Meski begitu, Argo enggan menjelaskan apakah Hery ditetapkan sebagai tersangka karena diduga ikut melakukan tindak aniaya atau bukan. Sebab menurutnya, hingga kini Hery masih dalam pemeriksaan. “Nanti kita tunggu saja. Karena ini masih dalam pemeriksaan, kita tunggu,” serunya.

Diketahui, Minggu (3/2/2019) KPK melapor ke Polda Metro Jaya terkait dugaan penganiayaan terhadap dua pegawainya.

Pelaporan ini berawal ketika dua pegawai KPK tengah bertugas di Hotel Borubudur, Jakarta Pusat, guna mencari data.

Pada saat yang sama, Pemprov Papua tengah melakukan rapat di hotel tersebut. Salah satu pegawai KPK memotret sejumlah pejabat dalam kegiatan tersebut.

Kemudian, sekitar 10 orang mendatangi keduanya. Tak lama, saksi, korban dan terlapor terlibat adu mulut hingga akhirnya korban mendapati pukulan dari terlapor. “Tiba-tiba terlapor memukul dnegan tangan kosong, terlapor masih lidik,” terang Argo.

Akibatnya, korban mengalami retak di bagian hidung, luka memar serta robek di wajah.

Sepuluh saksi pun juga telah diperiksa, diantaranya dokter yang menangani korban dan petugas keamanan hotel.
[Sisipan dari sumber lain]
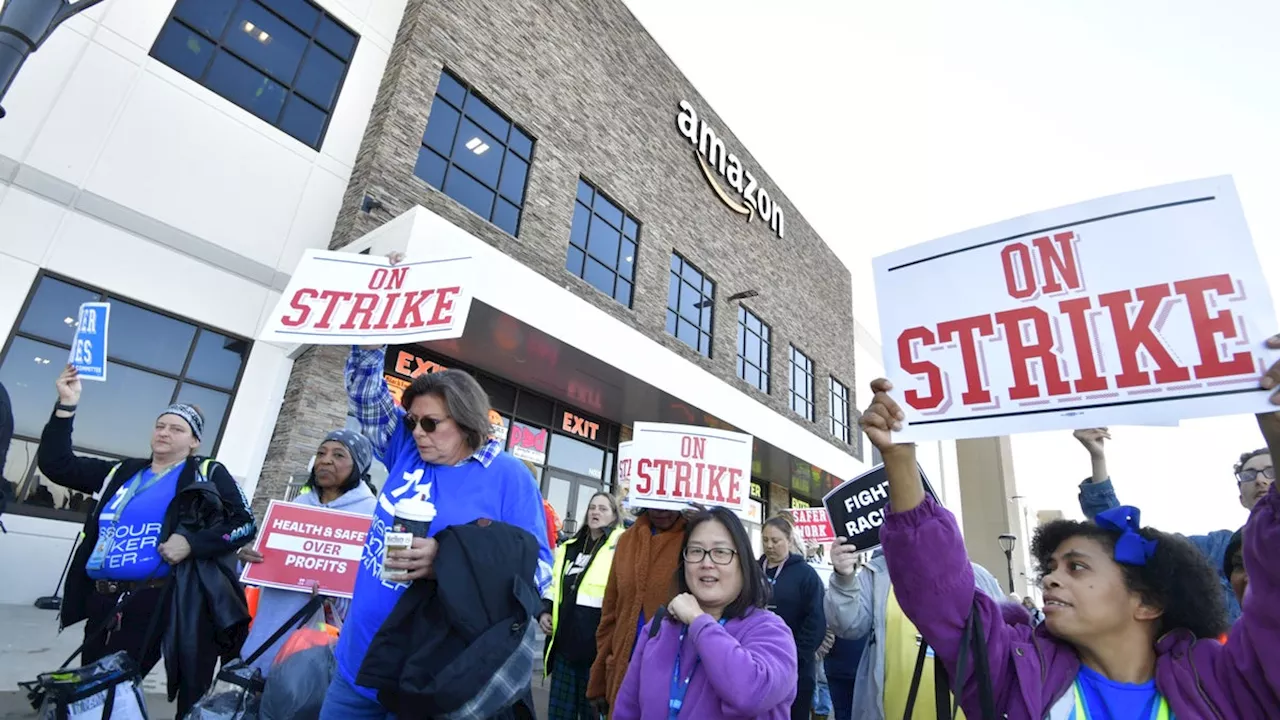 Amazon Anställda Planlar Protester Och Strejkaktioner Under Black Friday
Sejumlah pegawai Pemprov Papua pun dipanggil untuk memberikan keterangan sebagai saksi dalam kasus tersebut. Di antaranya Sekretaris Pribadi (Sespri) Gubernur Papua Elpius Hugy dan Sekda Pemprov Papua Hery Dosinaen yang telah ditetapkan sebagai tersangka.

Atas perbuatannya ini, Hery dikenakan Pasal 351 KUHP tentang penganiayaan.

"Sekali lagi, atas nama pribadi dan kedinasan dan Pemprov Papua, (saya) memohon maaf ke pimpinan KPK dan segenap jajaran KPK atas kekhilafan ini," kata Hery seusai pemeriksaan di Polda Metro Jaya.

Hery mengatakan Pemprov Papua selama ini kerap mendapat pendampingan dari KPK. Dia pun berharap kerja sama dengan KPK terus berjalan dengan baik.

"Kami selama ini kerja sama didampingi oleh KPK dalam rencana aksi pencegahan korupsi terintegrasi di Provinsi Papua sejak 2016. Kerja sama ini tetap terjalin agar semua pemerintahan menjadi baik dan terarah sesuai ketentuan," ujar dia.